Hangul can be used at command lines in bash compiled for Hangul available at
ftp://juno.kaist.ac.kr. This binary is for Linux only. Bash users may add
following lines to .inputrc in home directory. These options for ordinary
bash(not patched for Hangul) enable you to enter Hangul at command line and
use in file name. 


set  meta-flag On
set convert-meta Off
set output-meta On
set editing-mode vi
set  show-all-if-ambiguous on


17. I have an ethernet card on my PC, and installed a
software Hangul for MS-DOS. I still can't write and see
Hangul characters when connecting to remote host with
telnet-client(e.g. NCSA Telnet).

You missed a point, check out your telnet client if it can support "8bit
transparent" environment. That's to say, your telnet client should support
8-bit clean connection.

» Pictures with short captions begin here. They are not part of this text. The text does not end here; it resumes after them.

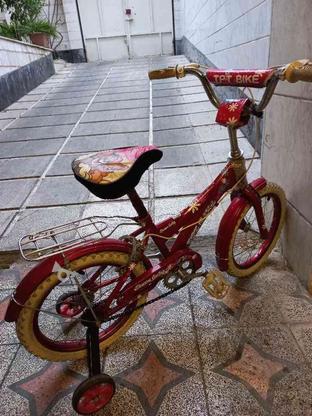 دوچرخه دخترانه 16 در گروه خرید و فروش ورزش فرهنگ فراغت در تهران در شیپور-عکس1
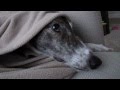 The Idiosyncrasies of Our Retired Greyhound
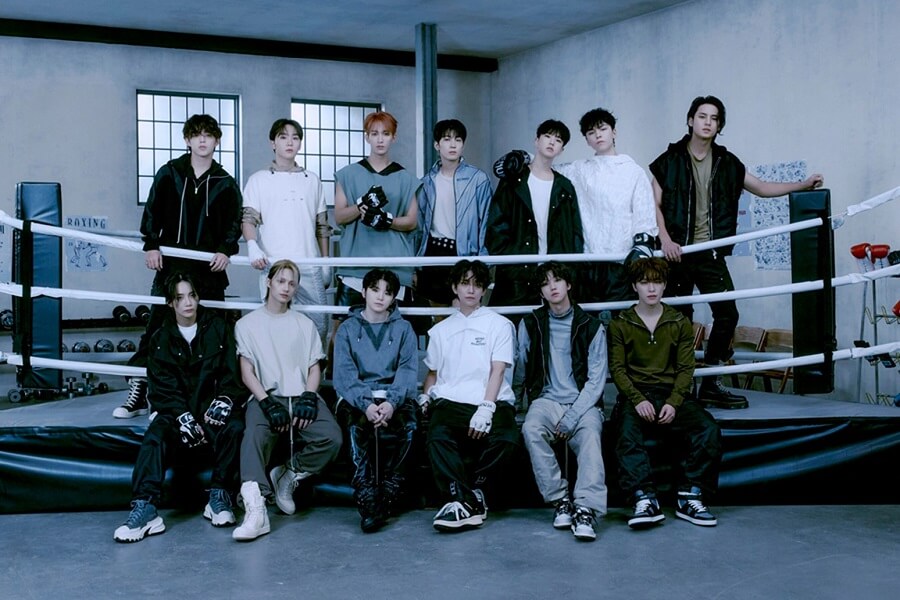 SEVENTEEN Member’s Ideal Type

If it doesn't, you'll have to change your software
to MS-Kermit 3.1 or later(supporting TCP/IP as well as serial connection) or
Hangul patched NCSA telnet by Baek,Yunju at yunju@camars.kaist.ac.kr
.[Contribution by Choi,Woohyung] Another version of Hangul patched NCSA
Telnet, htel2306 was made by Cheon-Yong Park(cypark@viva.kari.re.kr) at
KARI(Korea Aeronautics and Space Res. Inst.?). Both are available at Hana
BBSArchive and elsewhere. 

Note that 'Hangul patched' does not mean having ability to display Hangul on
the screen but passing Hangul code through. Therefore, you have to have
Hangul facility on your PC, whether hardware Hangul card or s/w hangul like
DANSI. 

Many telnet clients for MS-Windows(Ewan,SimpleTerm,Netterm among others) are
8bit clean, but some of them don't. With these telnet clients, you are not
able to read(and write) even if you're in Hangul-capable-Windows
environments(See Subject 4)). You have to tinker with font setting (usually
terminal font doesn't work for hangul,but Courier works well) to display
Hangul properly. You may try WinTerm, Hangul telnet client/terminal emulator
mentioned in Subject 2) 

To enter Hangul after connecting to a Unix host, you have to set terminal
8bit clean. See Subject 16 for terminal(stty) setting in Unix.